-- PROBLEM DETAILS --
Make an exact copy of the records, dropping all pictures.

-- DATA EXTRACTS --
- - - -

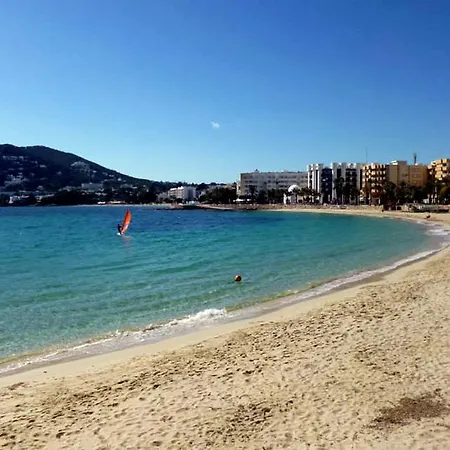 Yebisah Konukevi Santa Eularia des Riu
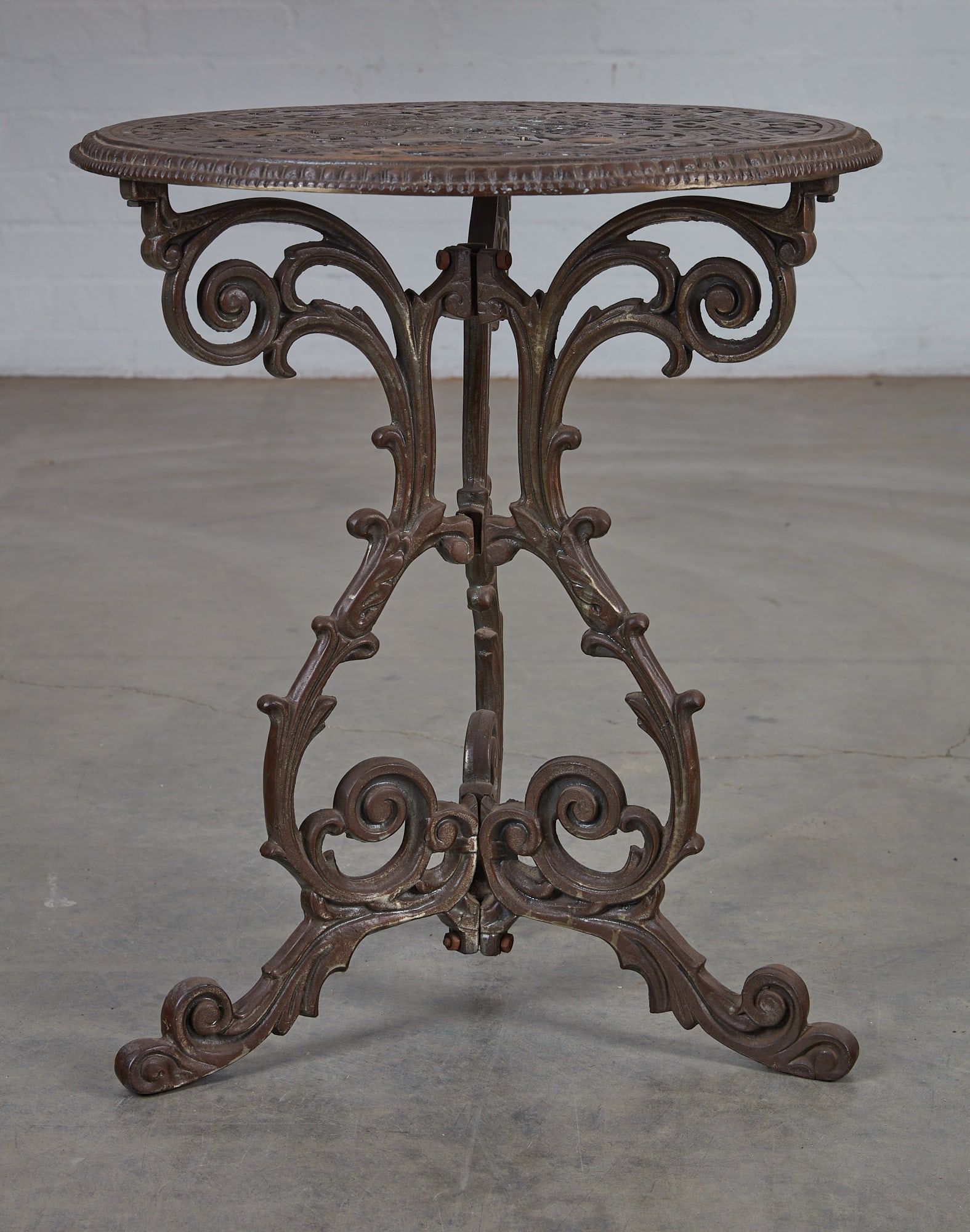 A CONTINENTAL CAST IRON TABLE  2fb3921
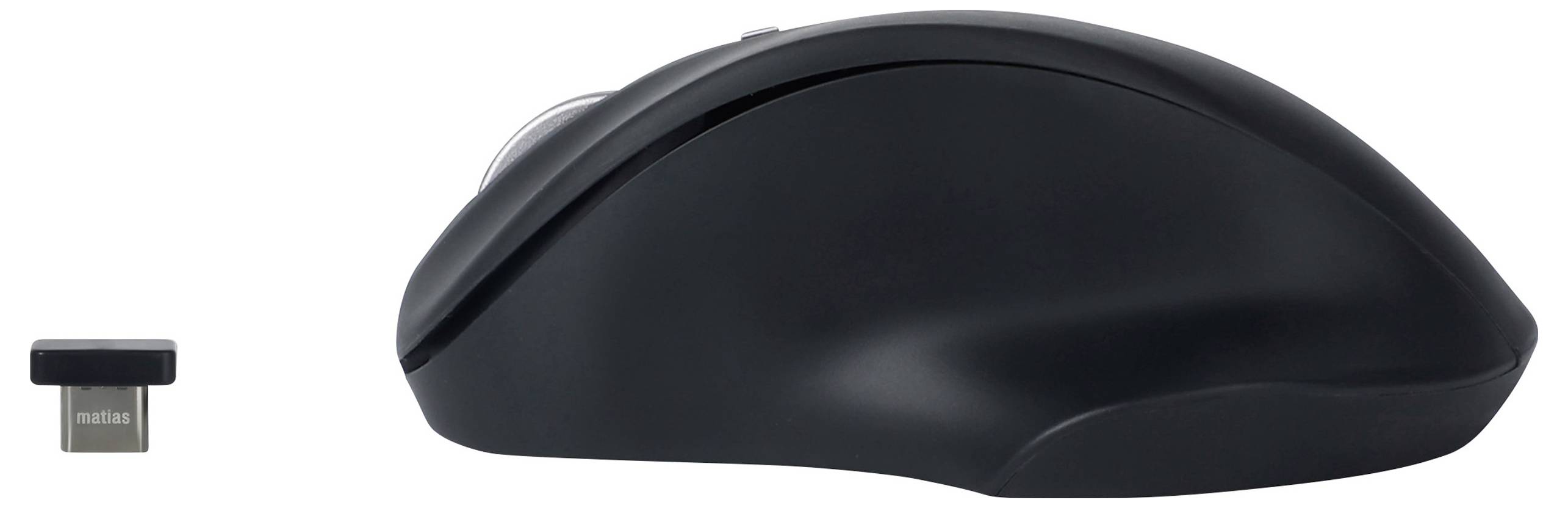 Een draadloze zwarte computermuis met de bijbehorende USB-ontvanger.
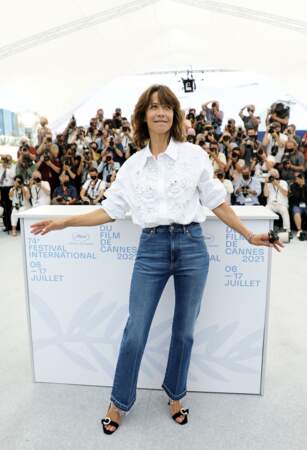 Une fois de plus, Sophie Marceau a représenté le charme et l'élégance à la française au photocall du film "Tout s'est bien passé" lors du 74ème festival international du film de Cannes, le 8 juillet 2021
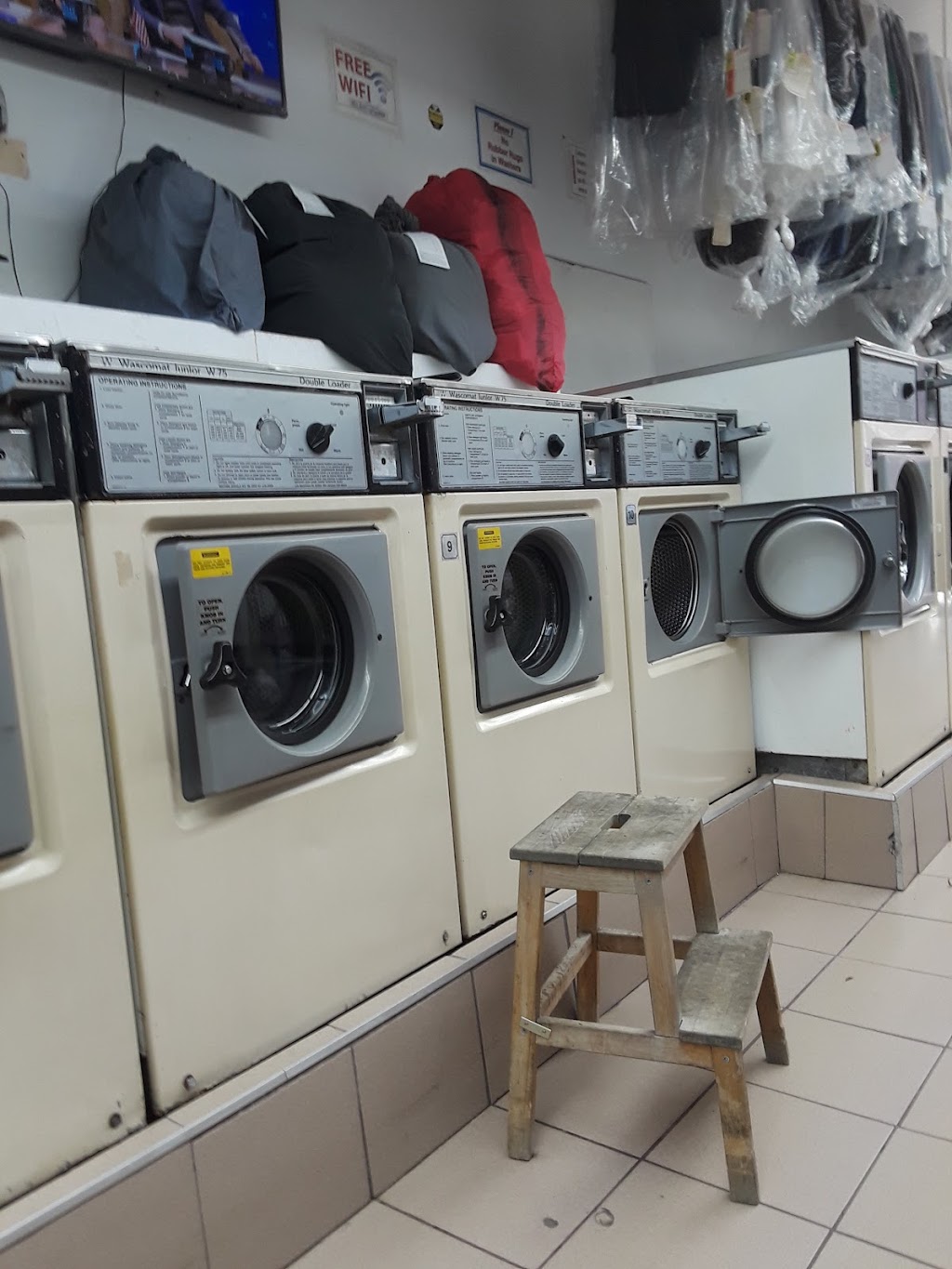 Busy Corner Laundromat | 419 Madison St, Brooklyn, NY 11221, USA | Phone: (718) 919-1289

- - - -

-- ANSWER FOR THE TASK --
 Yebisah Konukevi Santa Eularia des Riu
 A CONTINENTAL CAST IRON TABLE  2fb3921
 Een draadloze zwarte computermuis met de bijbehorende USB-ontvanger.
 Une fois de plus, Sophie Marceau a représenté le charme et l'élégance à la française au photocall du film "Tout s'est bien passé" lors du 74ème festival international du film de Cannes, le 8 juillet 2021
 Busy Corner Laundromat | 419 Madison St, Brooklyn, NY 11221, USA | Phone: (718) 919-1289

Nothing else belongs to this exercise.